Used a mixture of ground white and dark meat chicken rather than beef or lamb. This is an excellent base recipe that can be riffed upon to no end. With the ground chicken, I included chopped parsley + mint, a diced cubanelle pepper, some diced, sautéed red onion, as well as grated garlic and a melange of spices (cumin, coriander, Maras pepper, & smoked paprika). Topped with some homemade tzatziki, red onions, and chopped tomatoes. The directive to spread the meat mixture to the edges of each pita is well taken—otherwise the exposed parts of the pitas run the risk of burning under the broiler.

I've made a similar recipe but instead of using the oven, I cooked the "meat side" on a hot griddle. This prevents the juices from soggying up the pita.

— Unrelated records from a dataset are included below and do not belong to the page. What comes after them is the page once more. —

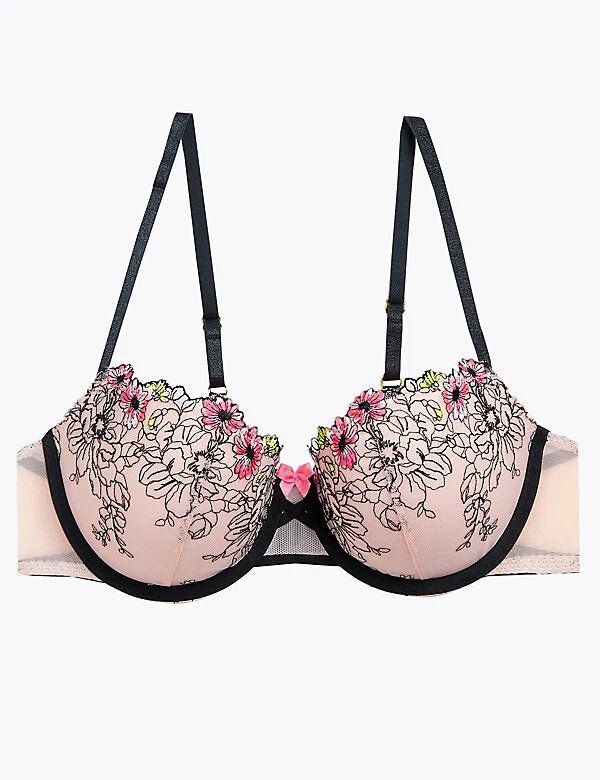 Floral Tattoo Embroidered Push Up Bra - Lotange - Boutique - Girls Underwear & Socks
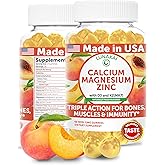 Lunakai USA Manufactured Calcium Magnesium Zinc Gummies with Vitamin D3 & K2 – Delicious 5-in-1 Supplement for Daily Bone, Muscle & Immune Support for Women, Men & Kids, 60ct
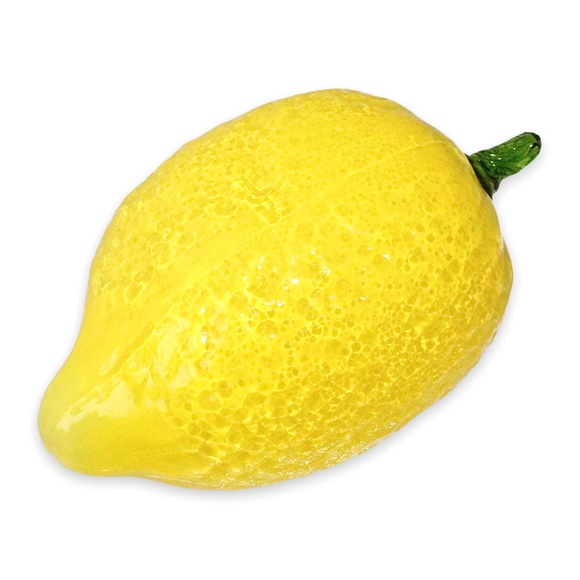 Vintage Art Glass Lemon Figurine Murano Style Realistic Citrus Fruit Statuette - Picture 1 of 5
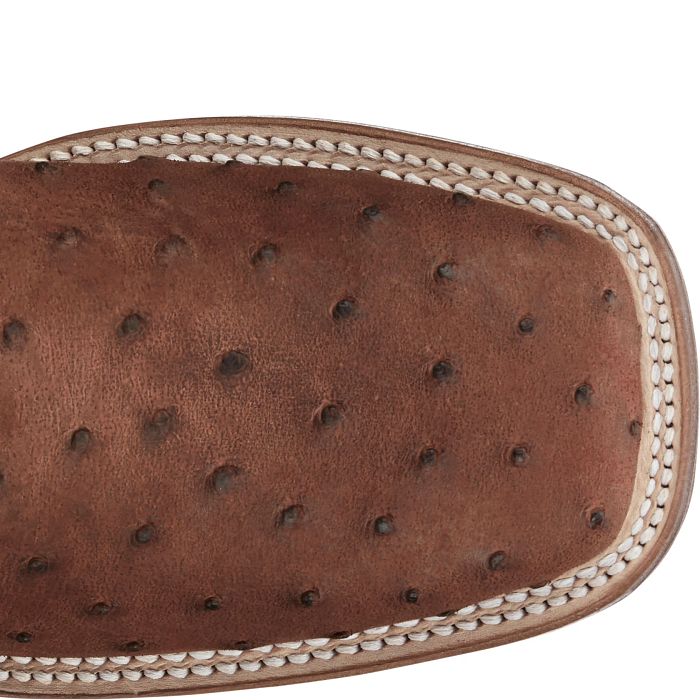 Justin Mens Ostrich Square Toe Western Boots Style AQ8531 - Image 5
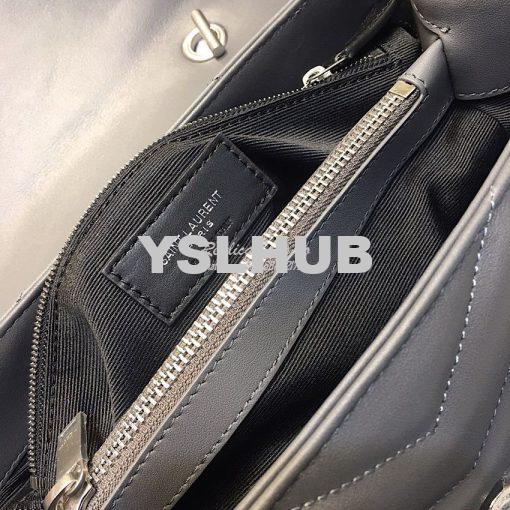 Replica Saint Laurent YSL LouLou Leather Top Handle Bag Grey 7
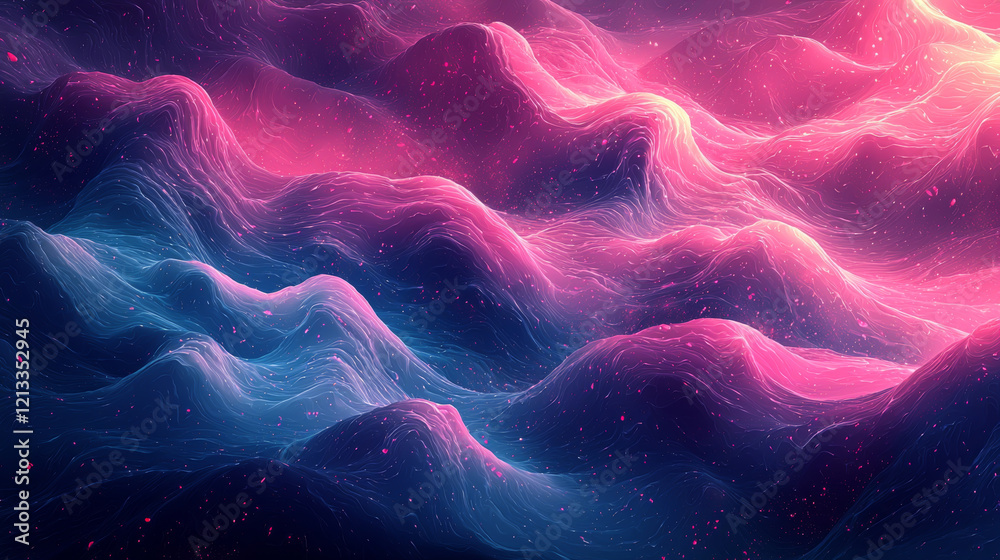 Fototapeta premium Abstract Pink and Blue Swirling Mountain Landscape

Would recommend!

Re: the soggy comments. I heated up the sheet pan in the over and gave it a light spray of EVOO before I put the pita's on it. Pitas were crisp and toasty, dish was delish!

I didn't have pitas, so I just charred a mix of beef and lamb and served it over rice. I also added generous amounts of sumac and za'atar. It is FABULOUS!

@Nancy I charred mine (beef & lamb mix) separately on parchment with a little olive oil, and served it over rice. Fabulous. (I also threw sumac and za'atar into the mix.)

So good! I had no issues with sogginess using directions as written. One note: toum should not be optional. Mandatory.